■ **What to work on**:
Look below for the line containing "Building Photo - 22 Castle Ridge Dr", then write out that line and every line after it to the end, exactly, minus the pictures.

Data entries

══════

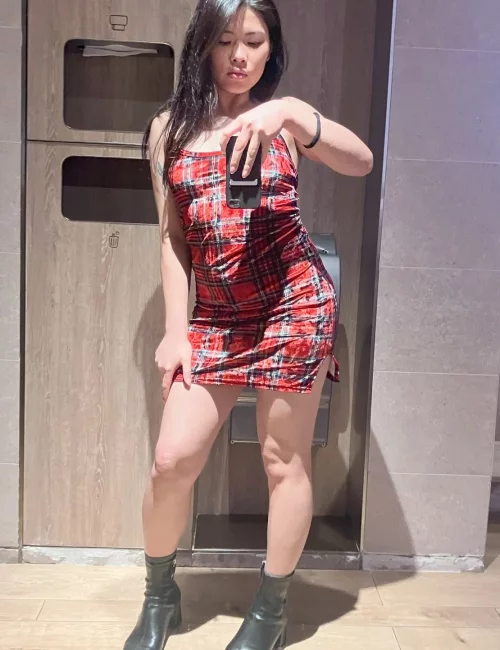 Tasha photo 4, asian, petite, black hair, 160 cm, 49 kg, Medium bust, Hong Kong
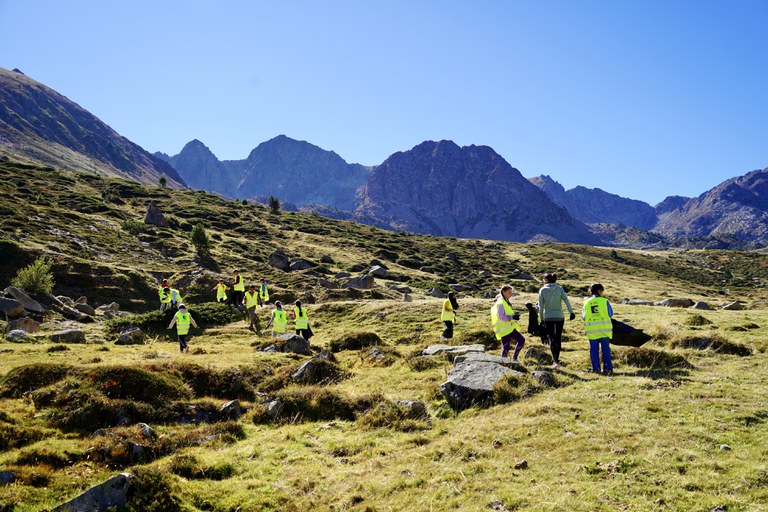 20260922 clean up day el pas de la casa @ComuEncamp (10).jpg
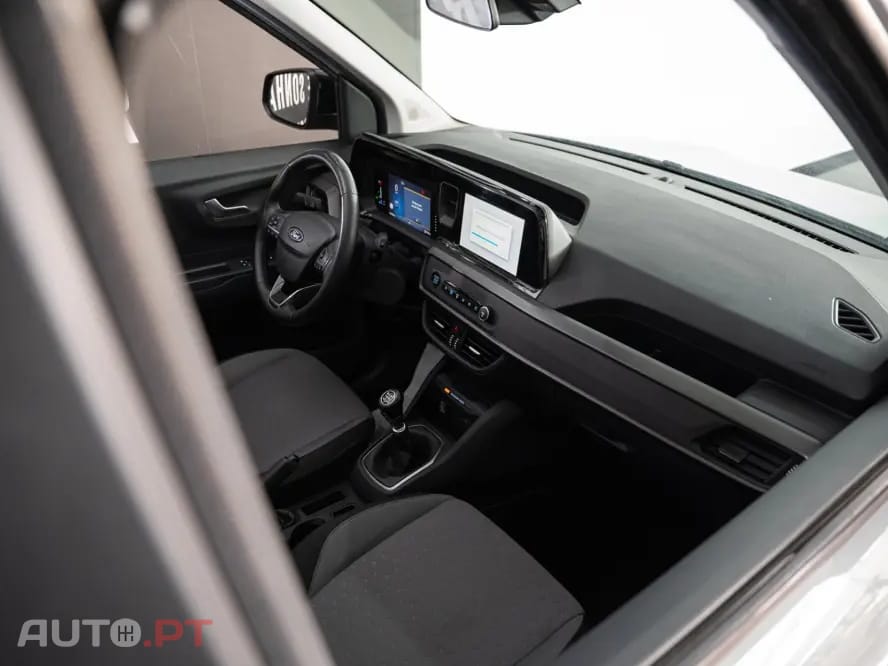 Ford Tourneo 1.0 EcoBoost Titanium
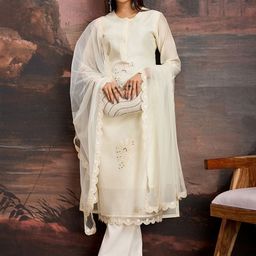 House of Pataudi Embroidered Detail Kurta & Trousers with Net Dupatta-32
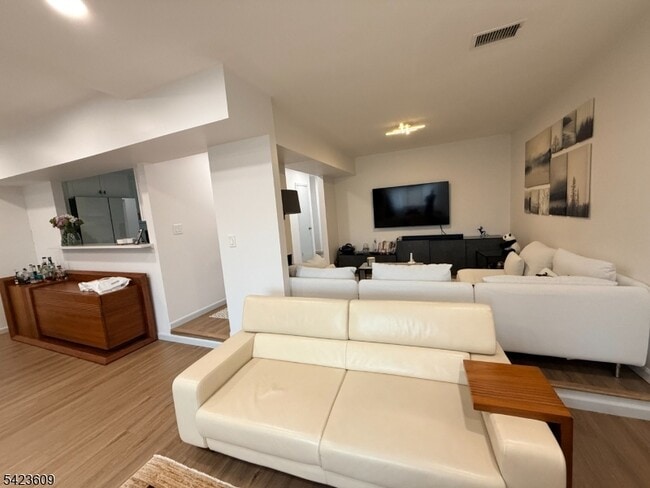 Building Photo - 22 Castle Ridge Dr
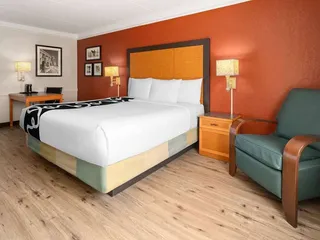 La Quinta Inn by Wyndham Pittsburgh Airport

══════

■ **Result of this task**:
 Building Photo - 22 Castle Ridge Dr
 La Quinta Inn by Wyndham Pittsburgh Airport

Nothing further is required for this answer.